According to one aspect of the invention, a trusted CPU resource sharing system in sensing edge cloud task unloading of an integrated block chain is provided, which comprises edge nodes and cluster head nodes;

the edge node is used for providing calculation task unloading service for the sensing equipment, adjusting the unit price of the CPU resource according to the principle that the unit price of the CPU resource is higher when the predicted unloading task amount is larger, and providing the CPU resource unit price to the cluster head node to achieve an intelligent contract of the calculation task unloading service;

the cluster head node is used for offering the sensing equipment according to the CPU resource unit price provided by the edge node and collecting the offer action { p) of the sensing equipment_o,tThe method comprises the steps of (1) voting and rewarding the credibility of an edge node CPU fed back by sensing equipment, and selecting a credible edge node by adopting a reinforcement learning algorithm according to the bid of the sensing equipment and the credibility voting and rewarding of the edge node CPU to achieve an intelligent contract and unload a computing task;

the edge node and the cluster head node are provided with a block chain for storing the intelligent contract; the intelligent contract comprises: size D of computing task signed by private keys of edge node and cluster head node of both parties of smart contract_jThe price of the edge node, the training duration, and the contract generation timestamp. When the intelligent contract is executed, injecting a preset number of bit coins into edge nodes and cluster head nodes of both parties of the contract respectively, and if any one of the parties does not comply with the intelligent contract, deducting the bit coins injected in advance in respective blocks by the intelligent contract agent so as to punish malicious behaviors of the two parties; if both parties abide by the intelligent contract, the intelligent contract agent returns the bitcoin injected in the block after deducting the return of the use of the CPU resource.

Preferably, in the system for truthfully sharing CPU resources in task offloading of the sensing edge cloud of the integrated block chain, the edge node uses a recurrent neural network to determine the current offload amount of the computation task according to the ith in the current offload amount sequence of the computation task provided by the cluster head node

Calculating the size of the corresponding predicted workload shedding amount

Preferably, CPU resources in the sensing edge cloud task unloading of the integrated block chain are trustedSharing system of said current calculation task offload amount size

The calculation is as follows:

wherein beta represents the task unload density calculated by all the sensing devices,

the number of the sensing devices unloading the computation tasks in the sensing device cluster j is represented, wherein ∈ {0,1, 2.,. mu (t) }, μ (t) is the number of the computation tasks unloaded by the sensing devices in the sensing device cluster j at time t, and λ is the unloading rate.

Preferably, in the system for trusted sharing of CPU resources in task offloading of the sensing edge cloud of the integrated block chain, the memory block of the recurrent neural network includes an input layer, a control layer, a neural network, and an output layer.

The input layer is used for inputting the unloading amount of the ith calculation task

Long term memory of c_t-1And short term memory h_t-1。

The control layer includes three control gates:

and

the following logics were respectively employed:

wherein, sigma represents a sigmoid activation function, and the function value is mapped into an interval from 0 to 1;

W_i ^T,

representing a weight; b_f,b_i,b_cRepresents a bias; tanh represents the activation function, and the mapping data is in the range of-1 to 1.
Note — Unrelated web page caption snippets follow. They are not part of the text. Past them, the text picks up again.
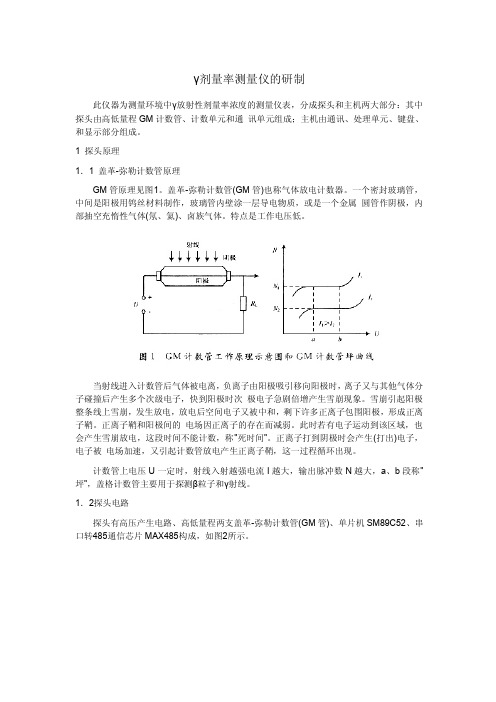 γ剂量率测量仪的研制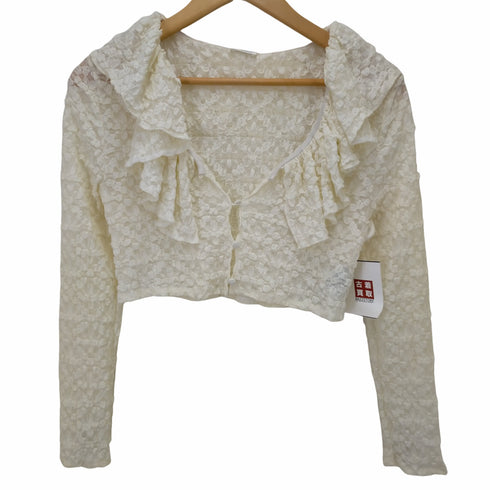 リリーブラウン Lily Brown フリルレースラッフルカラーブラウス レディース ONE SIZE
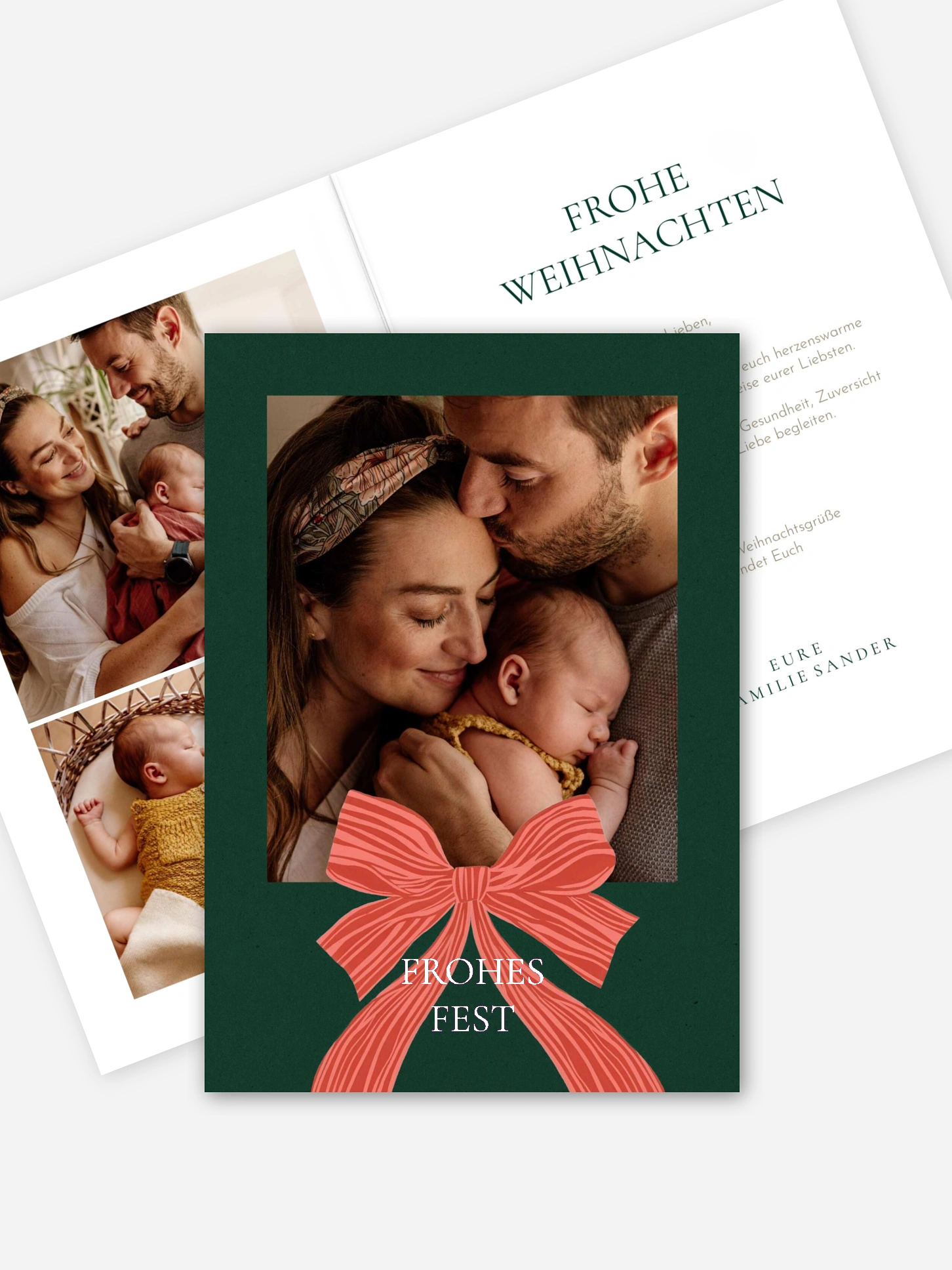 Weihnachtskarte Strahlende Weihnacht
The output layer is used for outputting the size of the unloading amount of the ith predicted calculation task

The calculation is as follows:

wherein the content of the first and second substances,

represents a weight, b_oRepresents a bias;

the updating method of the long-term memory comprises the following steps:

short-term memory is obtained as follows: sequence of the size of the workload to be calculated

As short term memory, i.e.

Preferably, in the CPU resource trusted sharing system in the sensing edge cloud task offloading of the integrated block chain, the recurrent neural network is trained to obtain the network weight in the time interval T according to the following method

W_i ^T,

And bias b_f,b_i,b_c,b_o：

Initializing network weights and biases; at each time T within the time interval T, the following is performed:

selecting the size of the unloading capacity of the first calculation task

Input, computing output h using forward propagation_tAnd calculating a loss function

Back-propagation adjusts the weight and bias parameters, where L represents the calculation task offload amount sequence length,

representing the actual calculation task capacity size,

indicating the predicted size of the workload shedding of the computational tasks.

Preferably, in the system for trustfully sharing CPU resources in the sensing edge cloud task offloading of the integrated block chain, the unit price of the CPU resources is adjusted according to a principle that the unit price of the CPU resources is higher when the predicted offloading task amount is larger, and the adjusted unit price of the CPU resources is preferably calculated by using the following formula

Wherein p is_iThe current CPU resource unit price for the edge node i,

and xi represents the maximum capacity of the CPU of the edge node i, and is a weight parameter between the preset CPU price and the maximum capacity.

Preferably, in the CPU resource trusted sharing system in the sensing edge cloud task offloading of the integrated block chain, the cluster head node selects a trusted edge node by using a sensing device cluster learning model based on Q-learning.

Preferably, in the system for trustful sharing of CPU resources in the task offloading of the sensing edge cloud of the integrated block chain, a sensing device cluster learning model based on Q-learning is as follows:

wherein S represents the state space of the sensing equipment cluster sharing edge node CPU; a is a space of motion,

a_t＝{p_1,t,p_2,t,...,p_o,t,...,p_M,tin which p is_o,tA bid representing a gap t purchase edge node CPU resource by each sensing device o at the time of the bid; t is_nRepresents the maximum number of bid slots; y is the delivery probability,

m represents the number of the sensing devices in the sensing device cluster, namely the number of Q-learning agents;

represents the reward generated by the sensing device o;

represents the reward generated by the cluster of sensing devices j;

the cluster head node acts a according to the bidding time gap t of each sensing device in the sensing device cluster_tWhether each sensing device purchases the CPU resource of the edge node of the time slot quotation or not, the weighted average value of the quotation is used as the unit price of the CPU resource, and the state-action Q function of the cluster head node is adopted to calculate the state s_tAnd then adopting the Q value of the unit price of the CPU resource to maximize the Q value so as to maximize the local average reward of each sensing device, and determining the action strategy pi epsilon R according to the bidding adopted by the sensing device at the moment^|S|×|A|Choosing a trusted edge node to achieve an intelligent contract, with pi representing in state s_tThe probability of the cluster of sensor devices taking an offer action is dropped.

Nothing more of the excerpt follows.